春カキが旨い季節だ。夏の産卵期を控え、たっぷりと太った甘く旨みの濃いカキである。衣はカリッと身はジューシーなカキフライ、セリがたっぷり入ったカキ鍋、炊きたてのカキご飯。カキ漁師は、海で採れたてのカキの殻からナイフで身を剥いて、海で洗ってそのまま生で食べるのが好みだという。
そんなカキ漁師の旅の本が出版された。『カキじいさん、世界へ行く!』には、三陸の気仙沼湾のカキ養殖業・畠山重篤さんの海外遍歴が記されている。
「カキをもっと知りたい!」と願う畠山さんは不思議な縁に引き寄せられるように海外へ出かけていく。フランス、スペイン、アメリカ、中国、オーストラリア、ロシア……。世界中の国々がこんなにもカキに魅せられていることに驚く。そして、それぞれの国のカキの食べ方も垂涎だ。これからあなたをカキの世界へ誘おう。

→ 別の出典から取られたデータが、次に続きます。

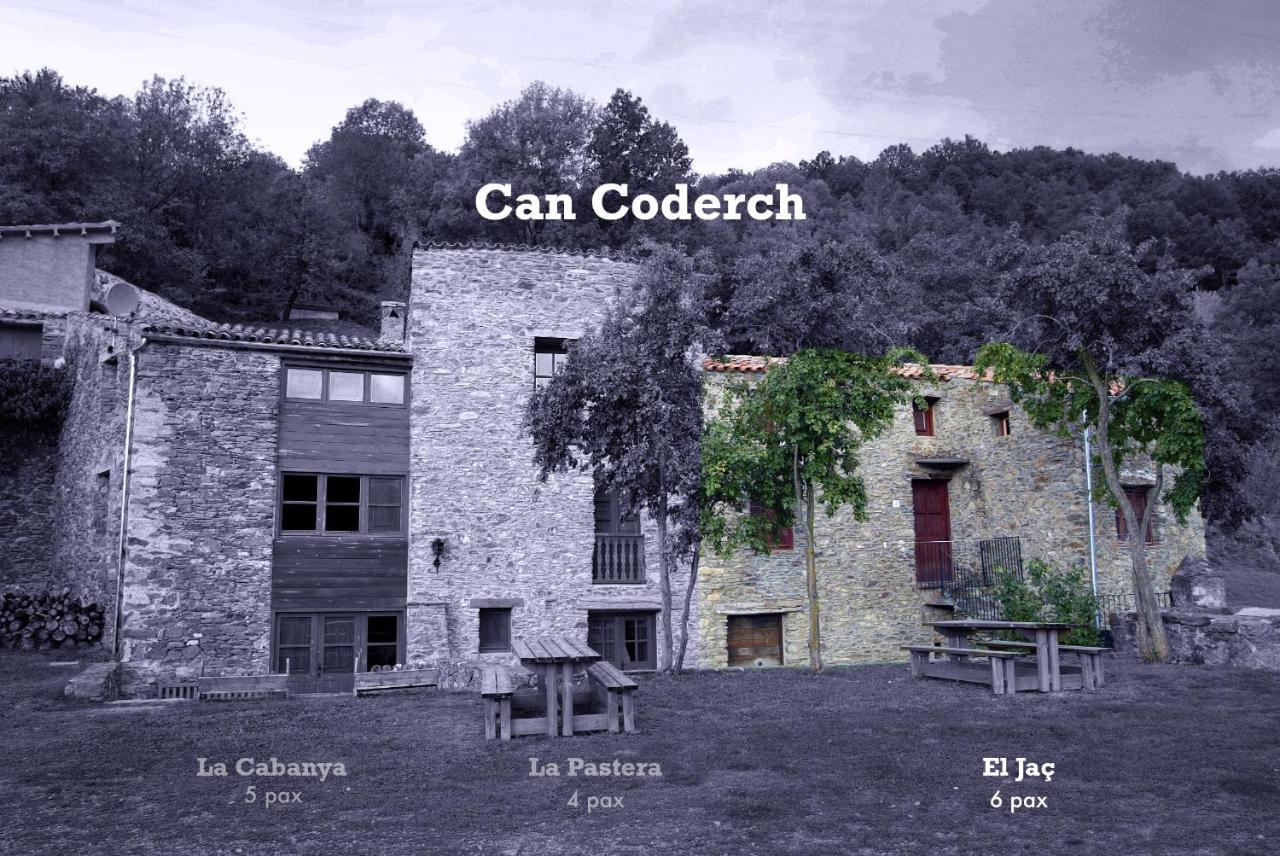 Hotel Can Coderch Ribes De Freser Exterior foto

連載15回「なんと、岩ノリの生育には「黄砂の力」が関係していた…!その「成長のカラクリ」をオーストラリア「世界第2位の鉱山」で目撃」にひきつづき、カキの旨みに欠かせない鉄を産出するオーストラリアのハマスレー鉱山と世界遺産シャーク湾をめぐる旅である。どんな胸躍る出会いがあるのだろうか。
鉄を掘る現場へ
この山のもっとも新しい層は、約17億年前のものだそうです。つまりそれは、海にあった最後の鉄からできた層で、17億年前から海に鉄がすっかりなくなったことを意味します。

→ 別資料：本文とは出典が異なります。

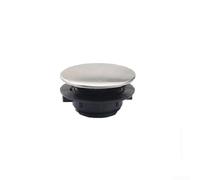 Cache-trou d'évier pour distributeur de savon en acier inoxydable, anti-fuite, accessoire de cuisine décoratif (B)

高台から露天掘りの現場を見下ろしました。写真では見ていましたが、日本では想像もつかない光景です。鉄鉱マンの篠上さんも丸い目を見開き「すごいものですね」と驚いています。15億年以上かけて沈み続けた鉄のかたまりである山を掘り出しているのです。
グルグル回るようにつくられた道を、下までおりていきました。
「危険なので、ふつうはここまでこられませんが、今回は特別なお客様ですので」
と担当者が、ウインクしました。わたしも細いカキのような目で、送り返しました。
上からは小さく見えていたダンプカーやブルドーザーの巨大なこと。タイヤだけで背丈の三倍はあります。コマツや日立建機など日本製でした。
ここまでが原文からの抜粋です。